Interesting.....On a side note I'm a side to side man, light pressure, super fine diamond stone, trying both models of metal and finish on leather. Will continue to refine my technique.......I get em sharper then when they come out of the box....but that ain't saying much IMO......so I shouldn't get hung up on the 60 degree edge on them vice 20 degrees? I can't remember and it doesn't look like they are marked....is the CS the black ones? Thanks appreciate the info.
Yes the black ones are CS and better than the silver ones. It sounds like you are doing it right. I sharpen broadheads for bowhunters that are sharpening challenged. As a custom knife maker I use ceramic to finish the blades. I can get them shaving sharp.
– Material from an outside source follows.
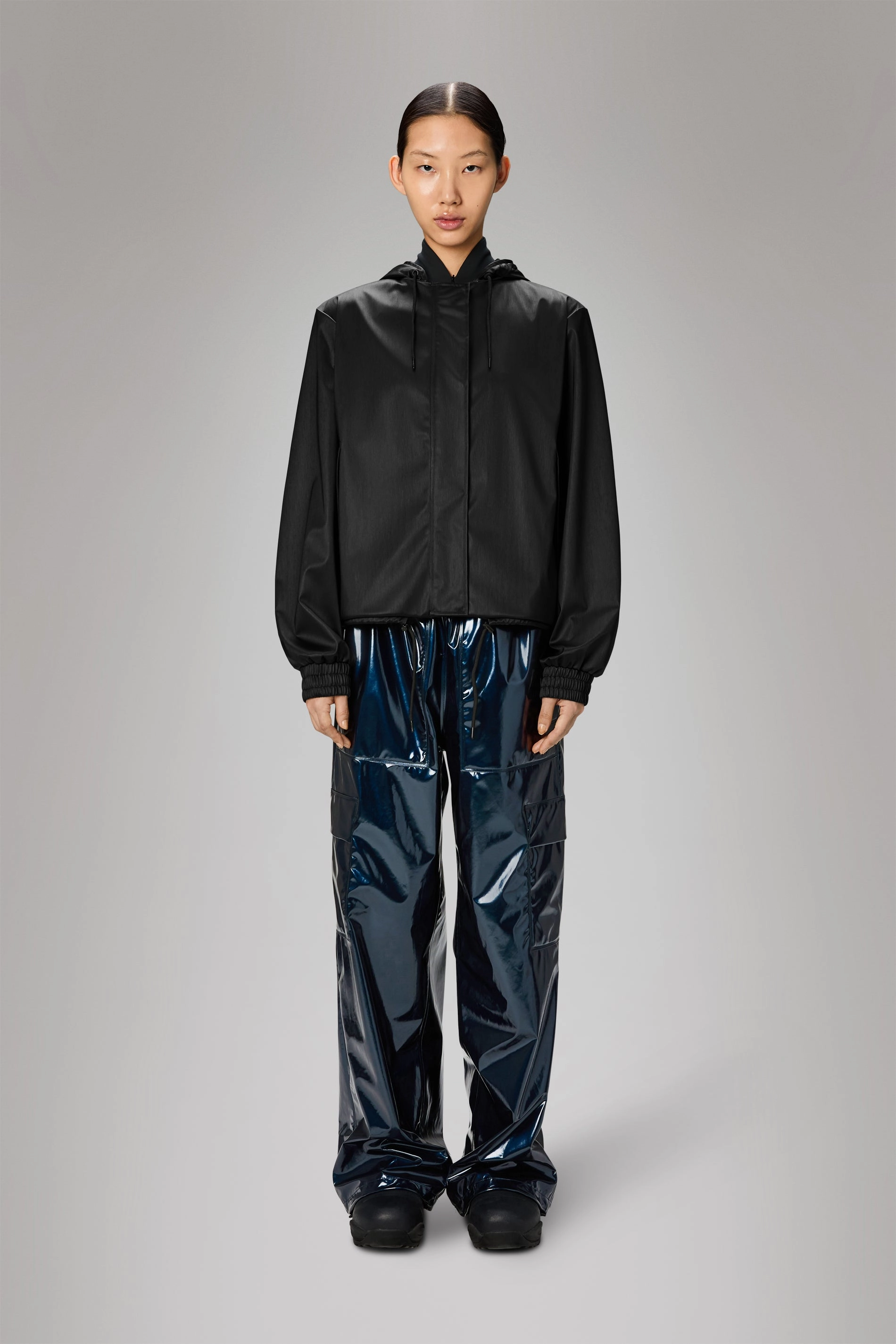 LowProfileStitching String W Jacket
You are correct about out of the package sharpness. In most cases, its pretty poor. Right now, 3 blade, fixed blade broadheads are very popular. The G5 Montec revived the interest and other broadhead makers have followed suit. All of these heads appear to be top notch, but I can tell you that these heads are not exactly razor sharp right out of the package. Don't get me wrong. All of these heads will do the job straight from the package if you make a well placed shot through the vitals but they can all be improved by a little touch up prior to taking them to the field.
The same is true of a head that you have been using as a practice Broadhead. Foam targets don't really damage a broadhead but they will dull them considerably. In either case, sharpening a 3 bladed broadhead is so easy that there is no real reason to not to give them a touch up that will make them scary sharp.
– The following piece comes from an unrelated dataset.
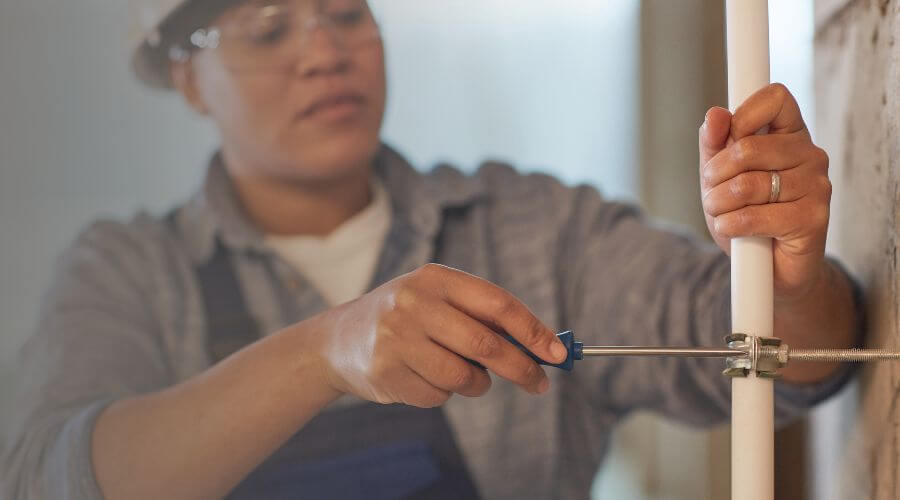 Professional annual plumbing maintenance services in Quincy, MO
Sharpening a 3 bladed broadhead is a simple a rolling a toy car on a table top. No special skills are required to produce a sharp, hunting quality edge. You can use something as simple as 400 or 1000 grit wet dry sandpaper. This sandpaper is normally black and is available at all hardware stores and home centers. For longer life I use a flat (fine) diamond hone. You can also use a whet stone. The only other thing you need is a sharpie marker. The sharpie is used to draw in the blade edge. As you sharpen the head, you will wear away the marker and know that you have touched up the entire surface. One thing to keep in mind is that you need to keep your stoke count equal on all 3 sides of the head to maintain balance. If two sides can be honed with only 30 stokes but the 3rd side, requires 40 strokes, all sides must get 40 strokes.
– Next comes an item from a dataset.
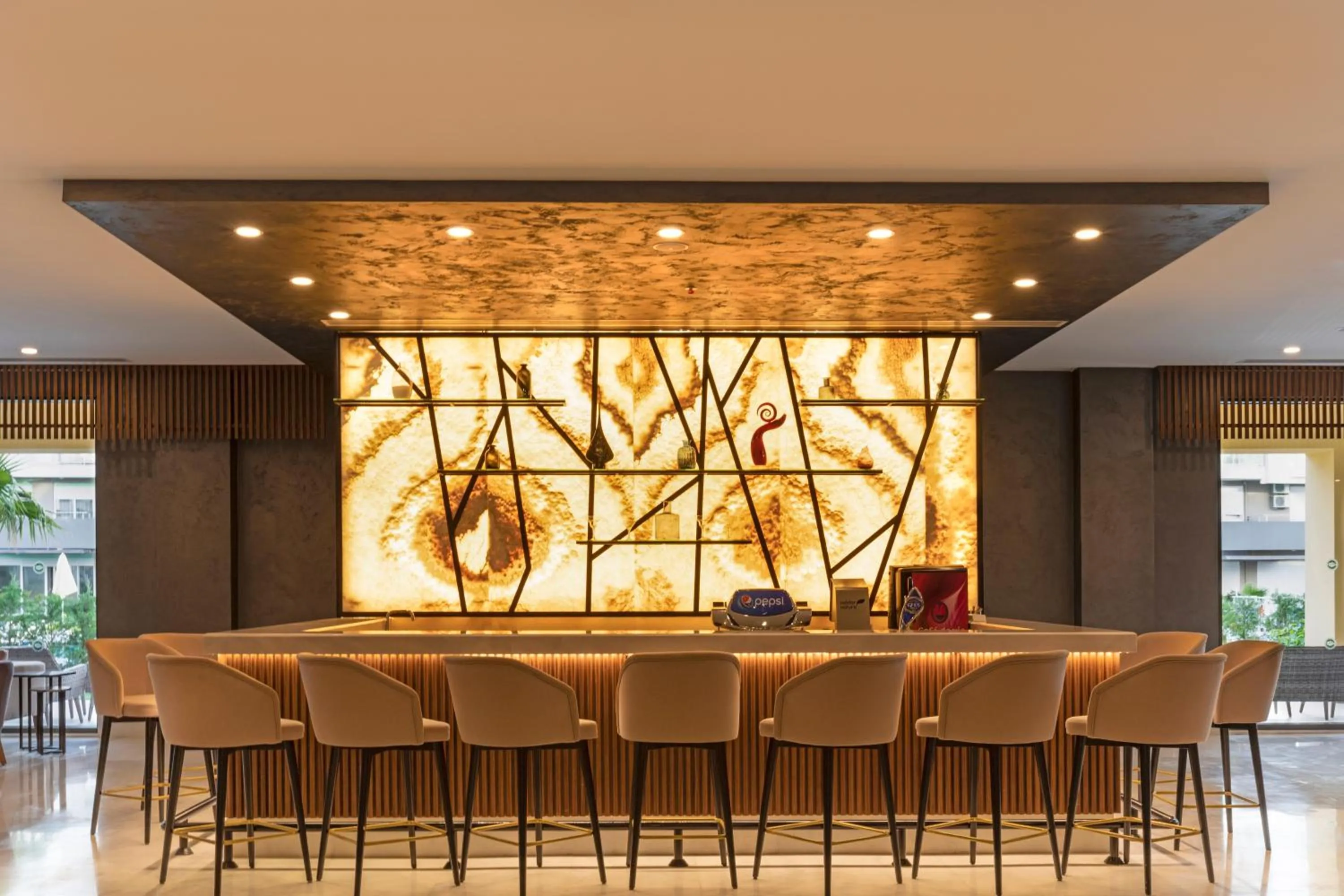 Lounge or bar in Greenwood Suites Resort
Here is a head I took straight from the package. Notice the grind marks and the rolled over edge (white line along the cutting edge). This head was semi sharp but not one I would take into the woods.
I took another head and spent perhaps 3 minutes on a diamond hone and then an Arkansas stone and then ceramic plate. In very little time, I had the head much sharper. In the upper blade you can see the reflection of the camera lens info. I used the side to side motion rather than front to back.